Supplied data =>

________

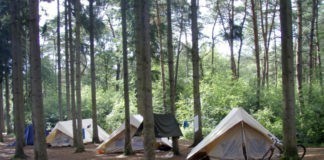 Scoutcentrum Buitenzorg met uitdagende activiteiten Kamperen bij Scoutcentrum Buitenzorg met uitdagende activiteiten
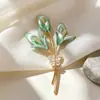 Broche de hebilla antideslumbrante para mujer, sentido de alta gama, nicho de alta gama, pin de ramillete de alta gama, pequeños accesorios de incienso, lindo dibujo animado al por mayor
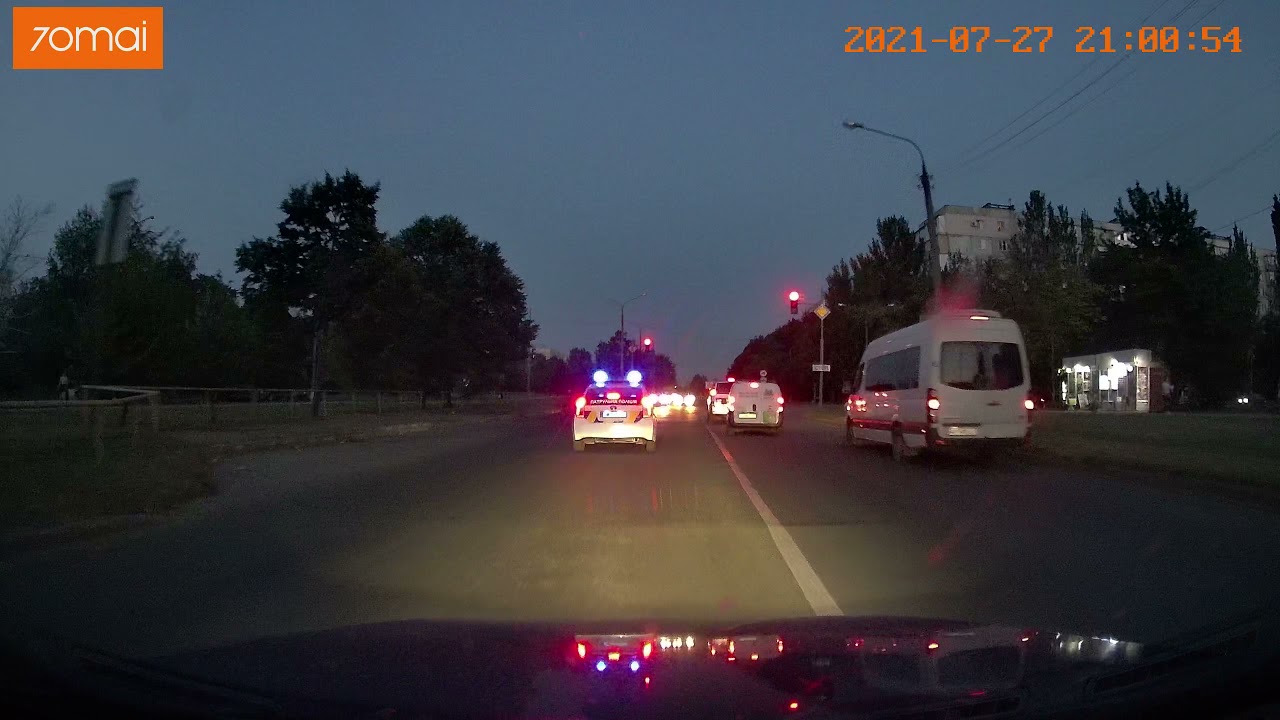 Дежурный патруль в Запорожье сопроводил авто с ребенком до больницы.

________

Any images must be dropped; all other material is to be printed exactly.

Reply =>
 Scoutcentrum Buitenzorg met uitdagende activiteiten Kamperen bij Scoutcentrum Buitenzorg met uitdagende activiteiten
 Broche de hebilla antideslumbrante para mujer, sentido de alta gama, nicho de alta gama, pin de ramillete de alta gama, pequeños accesorios de incienso, lindo dibujo animado al por mayor
 Дежурный патруль в Запорожье сопроводил авто с ребенком до больницы.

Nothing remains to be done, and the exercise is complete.